The theme of the auto summit was “Refocusing Diversity on Ethic Minority Growth.” Throughout the conference inconsistencies were highlighted between the goal of inclusion, as envisioned, and the results measured, with the intent to resolve the disparities that prevent Black Americans from participating fully and equally in the auto industry.
The National Newspaper Publishers Association (NNPA) was very pleased to participate in the Global Automotive Summit. The summit was timely and strategically informative. We were all reminded about the importance of not permitting ourselves to get diverted off course in our centuries-long struggle for freedom, justice and equality.
As the racial and ethnic population diversity in the United States continues to grow and expand, the casual rhetorical utterances about the demands for “diversity and inclusion” in corporate America oftentimes have not produced desired results, especially for Black Americans, with respect to economic advancement, parity, equity and equality. Updated research and information about these issues within the automotive industry, today, reveal serious contradictions as well as equity inconsistencies in the face of increased auto purchases by Blacks across the nation.
Although, the auto industry has experienced record sales over the past few years, the industry’s investment in advertising and marketing with African American owned media companies, ensuring that African American owned dealerships, and African Americans in the corporate executive suites and board rooms all are lacking the evidence of inclusion and equality.
The recovery of the auto industry in America has not produced an equitable economic recovery for African Americans.
Jackson, the founder and president of the Rainbow PUSH Coalition, stated that, “African Americans are the only group not recovered from the recovery. While there’s an increasing respect for African American customers and companies, respect without economic parity is as the Bible says, ‘…a noisy gong or clanging cymbal,’ we must demand our fair share, so that we can fully participate…It’s time to move from diversity to equality.”
Recent studies show that Black America’s auto purchases contribute more than $35 billion to annual automaker revenue. Despite this fact, Black American dealers have declined 65 percent during the past 10 years. The following 2016 African American Auto Dealer Landscape Report was issued at the Rainbow PUSH auto summit:
Brand Total Dealers African American
- BMW 365 7
- Fiat Chrysler 2,385 27
- Ford Motor Company 3,238 63
- General Motors 4,245 49
- Honda 1,042 8
- Hyundai 827 12
- Jaguar 147 0
- Kia 770 7
- Mazda 640 3
- Mercedes Benz 376 7
- Nissan 1,077 21
- Toyota 1,245 14
- Volkswagen 653 8
African American dealerships decreased since 2005 from 75 to 265 today. Ownership of Black businesses is an indicator of the economic vitality of the Black American community.
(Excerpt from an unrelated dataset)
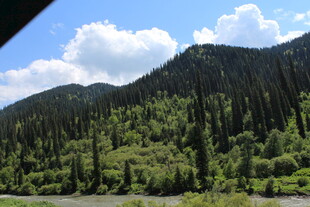 青山绿树间的秀丽山林景色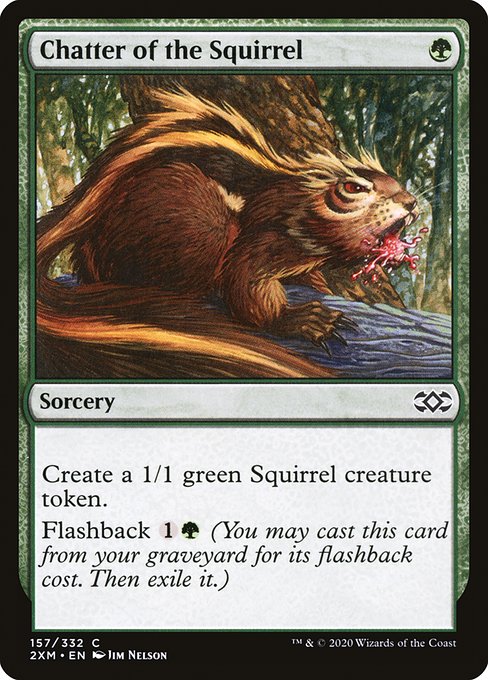 2XM: Chatter of the Squirrel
The National Association of Minority Automobile Dealers reported that of the more than 19,000 car dealers in the United States, African Americans only currently make up 1.4 percent of auto dealers.
We cannot afford to keep spending with companies that do not respect us with economic equality. We should do business with those who do business with us. We should support and respect those who support and respect us.
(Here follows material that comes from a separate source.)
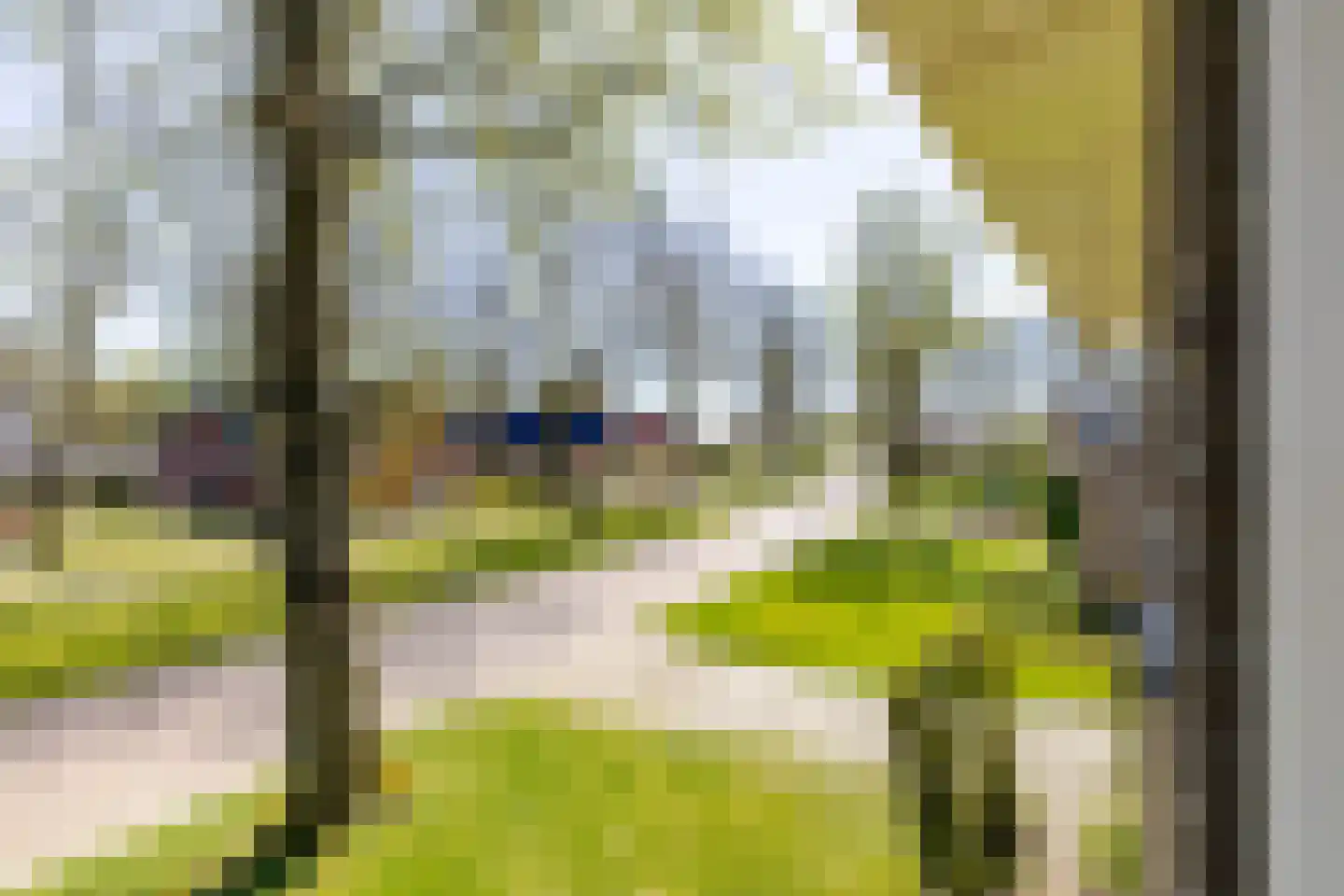 Naweg 11 Gieten thumbnail 47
According to research by Polk IHS, African Americans are the most loyal buyers with 51 percent returning to the brands they choose. African American new vehicle volume growth is nearly double overall industry growth (9.4 percent versus 5 percent).
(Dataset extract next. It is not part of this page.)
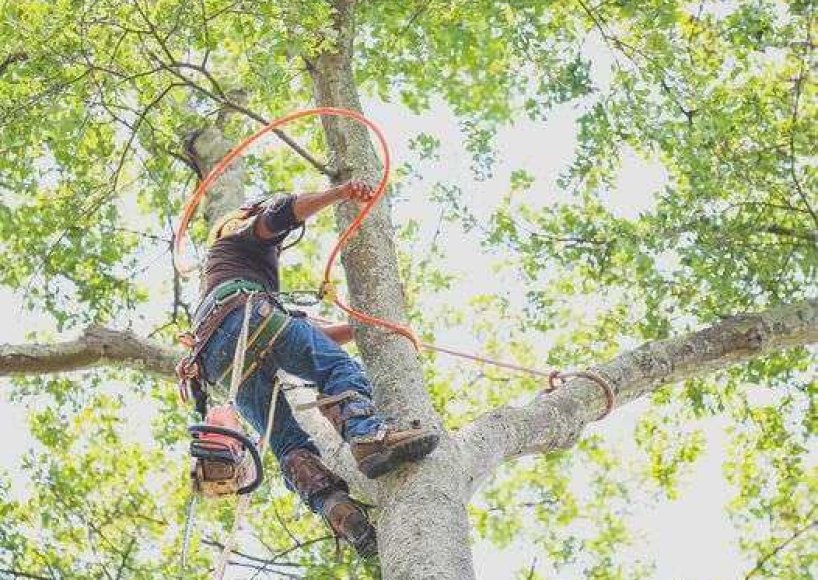 An arborist working on a tree removal job in Atlanta, GA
Noted research scholar, Damon Autry, presented a scholarly paper at the auto summit entitled, “The Swinging Pendulum of Diversity.” Autry concluded, “Diversity counterbalances the decades of white-dominated thought that, history shows, has ignored and/or marginalized African Americans and all people of color in the workplace. One can surmise that those in power, in one breath, tout the importance of diversity in corporate America, yet in the other dismiss it out of hand while going through the obligatory steps as a sign of compliance—all for the sake of expedience.”
Thus in 2016, we are not begging for charity from corporate America. We are demanding equity. To the automotive industry in particular and to all those industries that benefit and profit from the $1.3 trillion annual spending of Black America, we say, “Treat us fair. Treat us just. Treat us with respect. We demand equality.”